I would like to ask for advice on finishing a Table I made of Honey locust and walnut. I would like to keep the natural color as much as possible and polyurethane tends to give everything an amber tint. I still want good protection for the top though. HELP!


----------



## childress (Sep 14, 2008)

try some different finished on some test pieces. That will give you the best idea of what you're looking for.

In general though, waterborne finished have the clearest appearance. While oil bases give that yellow/amber look.


----------



## okwoodshop (Sep 15, 2009)

good idea' I noticed on your japanese coffee table you used a mixture of tung oil ,poly, and mineral spirits. Did you use water based poly? will it work with tung oil? How did this finish hold up? sorry about picking your brain.


----------



## sbryan55 (Dec 8, 2007)

To answer your question water base poly will not mix with tung oil, mineral spirits or oil base poly. It will provide excellent surface protection for the wood but will not appear as "warm" as an oil base topcoat. It does not get an amber/yellow tint with age like oil base poly (which is the reason that oil base products acquire an aged look to them and are much "warmer" in appearance).


----------



## fussy (Jan 18, 2010)

I vote with water-based poly/ A test by FWW came up with 2 winners; General Finishesa High Performance from Rockler, and Resistane Plus from Hoodfinishing.com.

Steve


----------



## childress (Sep 14, 2008)

No okwoodshop, I did not use water based. As Scott said, they don't mix. The finish is great and is holding up just fine. I guess the real test will be to see what it's like in 10 or 15 years


----------



## Lochlainn1066 (Oct 18, 2010)

Show some pics! I have lots of honey locust around here (too much!) and I love the way it looks.

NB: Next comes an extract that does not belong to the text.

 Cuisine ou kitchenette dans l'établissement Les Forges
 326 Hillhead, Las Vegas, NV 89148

I've used shellac and amber varnish both on bowls of HL and I like the way it deepens the red. Just keep it off of the yellow sapwood, it makes it really plastic looking.

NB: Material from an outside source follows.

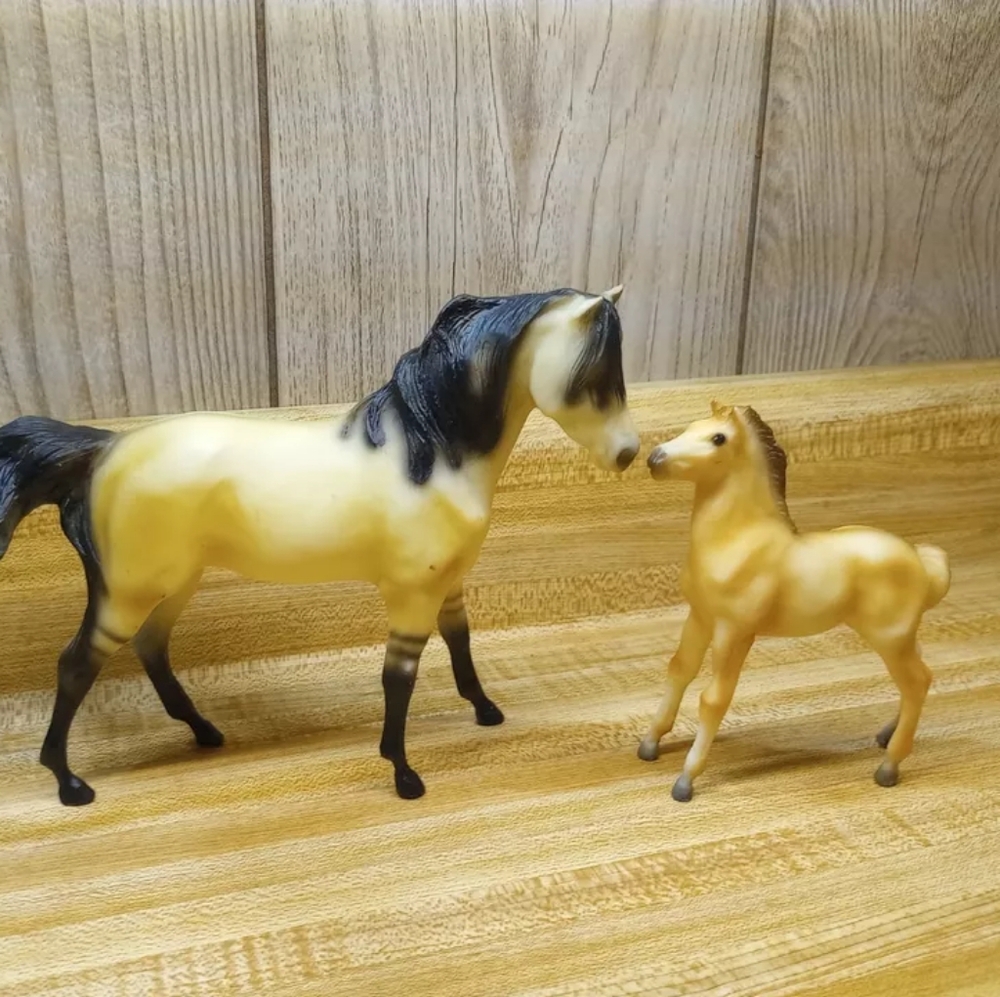 Breyer The Dawning set with Mesteno and mother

If you don't want the amber, any clear poly, oil or water, will work. Definitely try some test pieces first!


----------



## okwoodshop (Sep 15, 2009)

I am goimg to have to wait till the weather warms up a bit before I can finish this so I will be testing some small pieces to see what I like.


----------



## Lochlainn1066 (Oct 18, 2010)

Wow, that is great!


----------